Palestinian Americans’ Lawsuit in Oakland Seeks to Halt U.S. Support for Israel

Palestinian Americans’ Lawsuit in Oakland Seeks to Halt U.S. Support for Israel

Palestinian American plaintiffs asked a federal judge in California on Friday to force the White House to withdraw U.S. support for Israel pending a cease-fire in Gaza and accused President Biden and other administration officials of abetting a genocide of the Palestinian people.

In more than two hours of testimony before Judge Jeffrey White in U.S. District Court in Oakland, plaintiffs in the unusual lawsuit expressed grief and outrage, choking back tears as they spoke of their loved ones who have been killed in Gaza.

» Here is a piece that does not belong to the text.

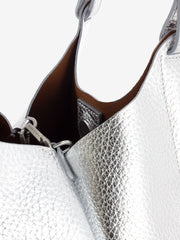 GIANNI CHIARINI - Borsa a mano Dua in pelle silver / caramello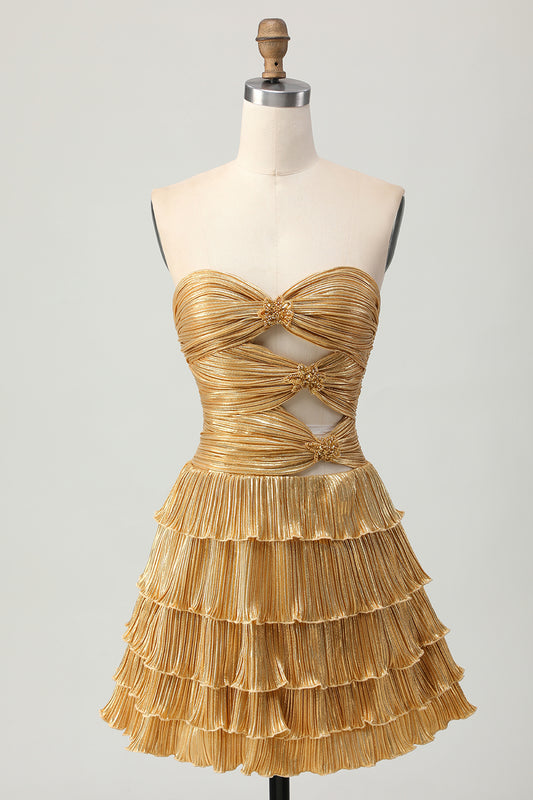 Zapaka Sparkly Golden Floral Short Metallic Homecoming Dress with Keyholes Sweetheart Cocktail Dress with Ruffles Tiered A Line Pleated Hoco Dress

One Palestinian immigrant, who lives in Fairfield, Calif., said seven members of his family had been killed in airstrikes in Gaza, including the children of a cousin “who is like a brother to me.” Another, living in San Ramon, Calif., said his family had lost more than 100 members, and a single Israeli attack had killed his cousin, his cousin’s son, and 14 members of a neighbor’s family.

The testimony came in the second judicial proceeding in a day to frame Israel’s bombardment of the embattled Palestinian enclave as a potentially grave violation of the 1948 Genocide Convention. Hours earlier, the United Nations’ highest judicial body ordered Israel to prevent genocidal acts by its forces, as part of that court’s consideration of formal charges that Israel’s response to Hamas-led terrorist attacks on Oct. 7 was crafted to deny Palestinians the right to exist.

The federal case in Northern California is unlikely to succeed, given legal precedents that limit judicial power over U.S. presidents on foreign policy decisions. But the lawsuit has energized pro-Palestinian activists, who have convinced about a dozen local governments in the Bay Area, Atlanta and other regions of the country to call for a cease-fire in Gaza.

Telling the plaintiffs that he wanted them to know that they “have been seen,” the judge called the testimony “gut wrenching” and the case “probably the most difficult” he had ever dealt with.